**Exercise**: All entries are to be quoted exactly; the images stay out of the copy.

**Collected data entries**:
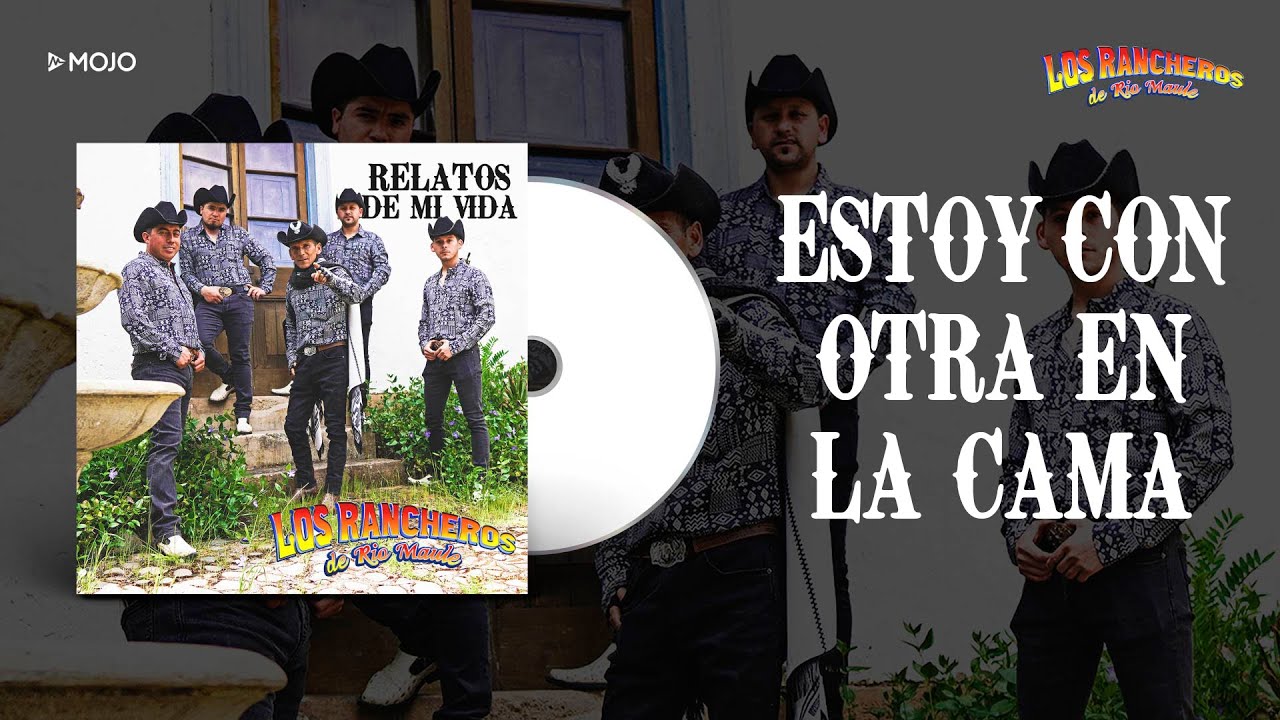 Los Rancheros de Rio Maule - Estoy Con Otra En La Cama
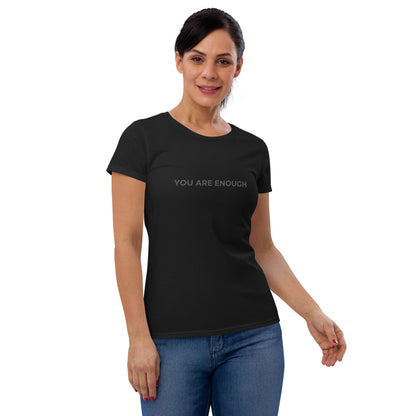 Women’s fitted black tee with the text "You Are Enough".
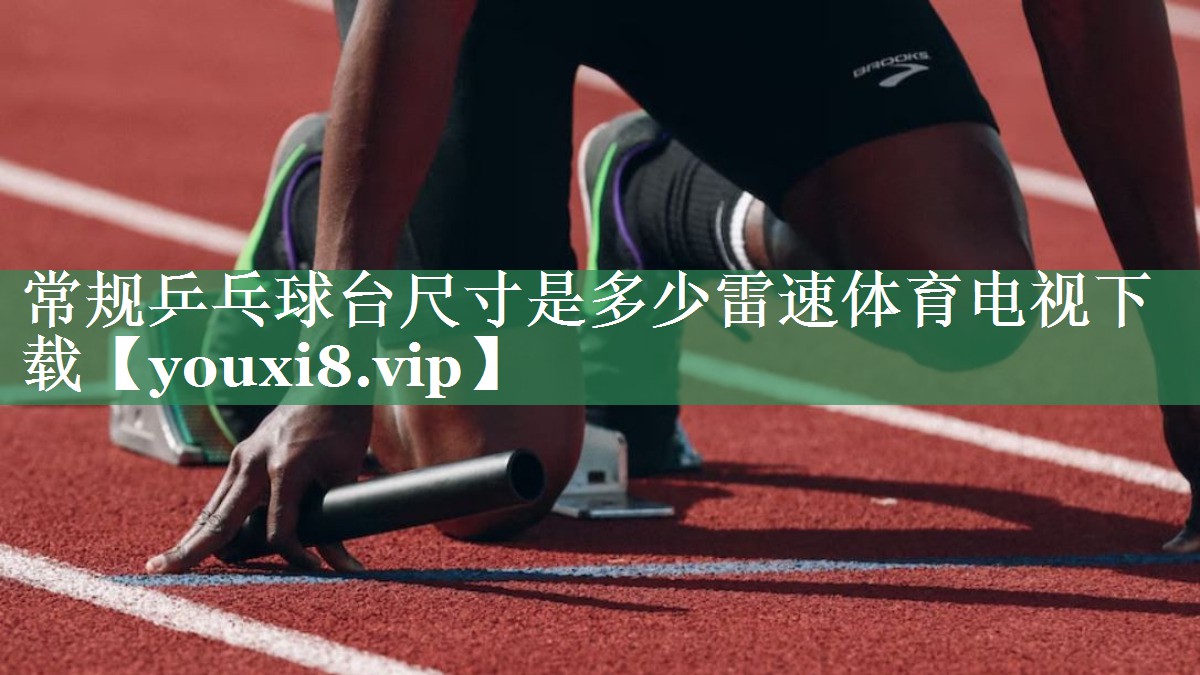 常规乒乓球台尺寸是多少雷速体育电视下载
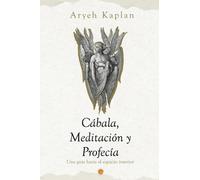 Cábala,Meditación y Profecía: Una Guía Hacia el Espacio Interior.: 3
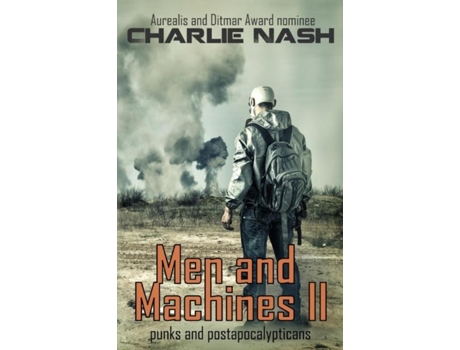 Livro Men And Machines Ii Punks And Postapocalypticans De Charlie Nash (inglês)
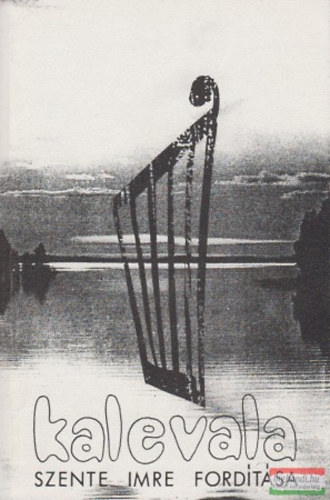 Szente Imre  (ford.) - Kalevala (Szente Imre ford.)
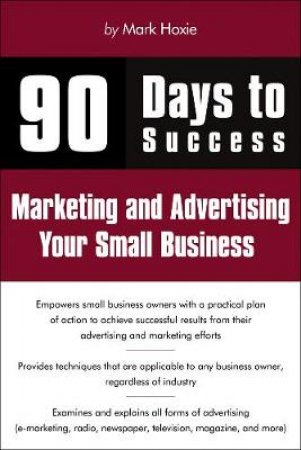 90 Days to Success Marketing and Advertising Your Small Business by Mark Hoxie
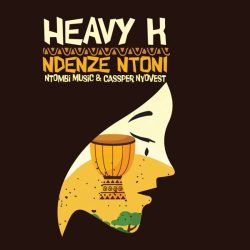 Heavy-K – Ndenze Ntoni (feat. Cassper Nyovest & Ntombi Music)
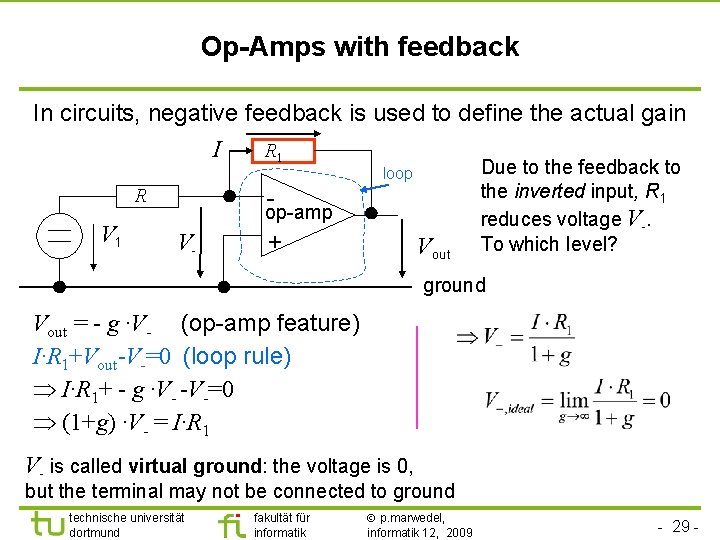 Op-Amps with feedback In circuits, negative feedback is used to define the actual gain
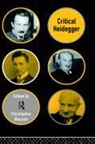 Martin Heidegger, C. Macann, Christopher Macann, Christopher E. Macann, MACANN CHRISTOPHER E, Christopher Macann... - Critical Heidegger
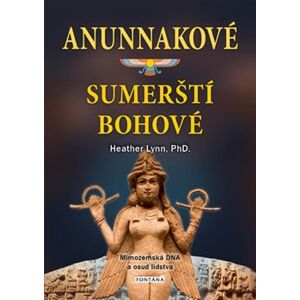 Anunnakové - sumerští bohové. Mimozemská DNA a osud lidstva - Heather Lynn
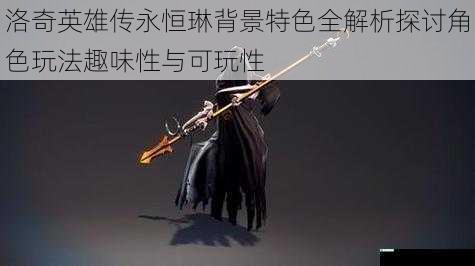 洛奇英雄传永恒琳背景特色全解析探讨角色玩法趣味性与可玩性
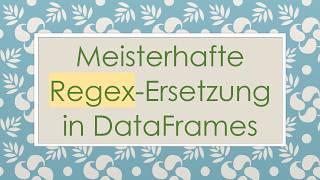 Meisterhafte Regex-Ersetzung in DataFrames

**Answer for the task**:
 Los Rancheros de Rio Maule - Estoy Con Otra En La Cama
 Women’s fitted black tee with the text "You Are Enough".
 常规乒乓球台尺寸是多少雷速体育电视下载
 Cábala,Meditación y Profecía: Una Guía Hacia el Espacio Interior.: 3
 Livro Men And Machines Ii Punks And Postapocalypticans De Charlie Nash (inglês)
 Szente Imre  (ford.) - Kalevala (Szente Imre ford.)
 90 Days to Success Marketing and Advertising Your Small Business by Mark Hoxie
 Heavy-K – Ndenze Ntoni (feat. Cassper Nyovest & Ntombi Music)
 Op-Amps with feedback In circuits, negative feedback is used to define the actual gain
 Martin Heidegger, C. Macann, Christopher Macann, Christopher E. Macann, MACANN CHRISTOPHER E, Christopher Macann... - Critical Heidegger
 Anunnakové - sumerští bohové. Mimozemská DNA a osud lidstva - Heather Lynn
 洛奇英雄传永恒琳背景特色全解析探讨角色玩法趣味性与可玩性
 Meisterhafte Regex-Ersetzung in DataFrames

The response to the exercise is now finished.